Diperkirakan krisis menurunkan tingkat produksi sebanyak 10%. Mengingat
bahwa terdapat 1,2 juta orang yang bekerja di industri ini, potensi terjadinya PHK
dapat mencapai angka lebih dari 100.000 karyawan (Smeru Institute, 2009 : 4).

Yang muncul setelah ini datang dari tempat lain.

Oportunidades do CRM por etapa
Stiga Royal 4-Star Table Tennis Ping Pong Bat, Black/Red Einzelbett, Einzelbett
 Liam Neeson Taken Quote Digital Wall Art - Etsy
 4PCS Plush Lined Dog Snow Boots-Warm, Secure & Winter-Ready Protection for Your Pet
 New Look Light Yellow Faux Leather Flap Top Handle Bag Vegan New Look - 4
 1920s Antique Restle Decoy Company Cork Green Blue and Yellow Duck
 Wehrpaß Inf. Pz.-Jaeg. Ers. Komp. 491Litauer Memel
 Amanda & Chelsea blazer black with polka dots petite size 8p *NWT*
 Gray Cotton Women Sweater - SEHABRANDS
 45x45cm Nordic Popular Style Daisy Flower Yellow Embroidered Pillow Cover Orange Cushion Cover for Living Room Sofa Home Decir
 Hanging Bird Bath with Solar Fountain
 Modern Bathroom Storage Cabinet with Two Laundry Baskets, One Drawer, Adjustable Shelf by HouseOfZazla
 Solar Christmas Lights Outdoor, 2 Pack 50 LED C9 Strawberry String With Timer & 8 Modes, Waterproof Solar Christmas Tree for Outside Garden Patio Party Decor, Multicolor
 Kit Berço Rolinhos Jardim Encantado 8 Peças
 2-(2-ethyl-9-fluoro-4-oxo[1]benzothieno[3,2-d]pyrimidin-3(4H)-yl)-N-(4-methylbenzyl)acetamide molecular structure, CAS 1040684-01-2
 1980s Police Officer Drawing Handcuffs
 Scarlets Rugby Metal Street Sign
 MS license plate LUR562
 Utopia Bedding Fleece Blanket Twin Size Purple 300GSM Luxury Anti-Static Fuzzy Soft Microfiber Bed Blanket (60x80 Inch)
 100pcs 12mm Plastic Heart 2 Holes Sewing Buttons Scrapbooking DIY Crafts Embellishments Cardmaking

Pada triwulan ketiga tahun 2008 pertumbuhan sektor industri tekstil
mencapai minus 3,4%. Industri sektor riil seperti tekstil paling cepat terkena
imbas krisis karena permintaan pasar terhadap produk sektor ini langsung
berkurang. Pesanan Januari sampai Maret 2009 tercatat mengalami penurunan
sehingga pangsa pasar pun turut menciut. Konsumsi tekstil Amerika berkurang
dari 38 kg per kapita menjadi 32 kg per kapita. Selama ini sekitar 43% dari total
ekspor tekstil dan produk tekstil (TPT) Indonesia diserap AS. Hampir 60% dari
total ekspor alas kaki indonesia juga dipesan pemegang merek dari AS
(Kementerian Perdagangan, 2009 : 2).
-
9
Industri tekstil tak mampu mencapai target ekspor US$ 11 miliar pada
2008. Ekspor tekstil hanya mencapai US$ 10.6 miliar. Kondisi ini membuat
perusahaan tekstil Indonesia mulai memperketat pengeluarannya untuk 2009,
antara lain dengan melakukan Pemutusan Hubungan Kerja (PHK). Menurut
perkiraan Asosiasi Pertekstilan Indonesia, paling sedikit 10% pekerja akan
dirumahkan atau menerima pemutusan hubungan kerja. Hal ini tidak bisa
dibendung, karena volume permintaan tekstil menurun jauh (Kementerian
Perdagangan, 2009 : 2).
Produsen pulp atau bubur kertas dan kertas nasional juga dalam kondisi
terpuruk. Imbas krisis membuat produsen pulp dan kertas memangkas produksi
mereka tinggal 50% dari kapasitas produksi mereka. Akibatnya, produksi pulp
turun dari 6 juta ton menjadi hanya tinggal 3 juta ton. Sementara produk kertas
turun dari 8 juta ton menjadi 4 juta ton pada tahun 2008 (Kementerian
Perdagangan, 2009 : 3).
Harga kedua produk itu pada akhir 2008 terus melorot ke kisaran US$ 700
per ton dari US$ 1100 per ton untuk kertas. Sementara harga pulp jatuh dari US$
800 per ton menjadi US$ 400 per ton. Akibatnya produsen menurunkan
produksinya karena harga terus menurun, selain itu ditambah oleh sulitnya
mendapatkan pembeli. Berdasarkan data asosiasi menunjukan kinerja ekspor pulp
dan kertas dalam dua tahun terlihat cukup baik. Tahun 2006, mencapai US$ 1,39
miliar. Kemudian naik menjadi US$ 1,69 miliar pada 2007. Negara Tujuan ekspor
adalah Amerika, Jepang, Korea, Thailand, Timur Tengah dan China.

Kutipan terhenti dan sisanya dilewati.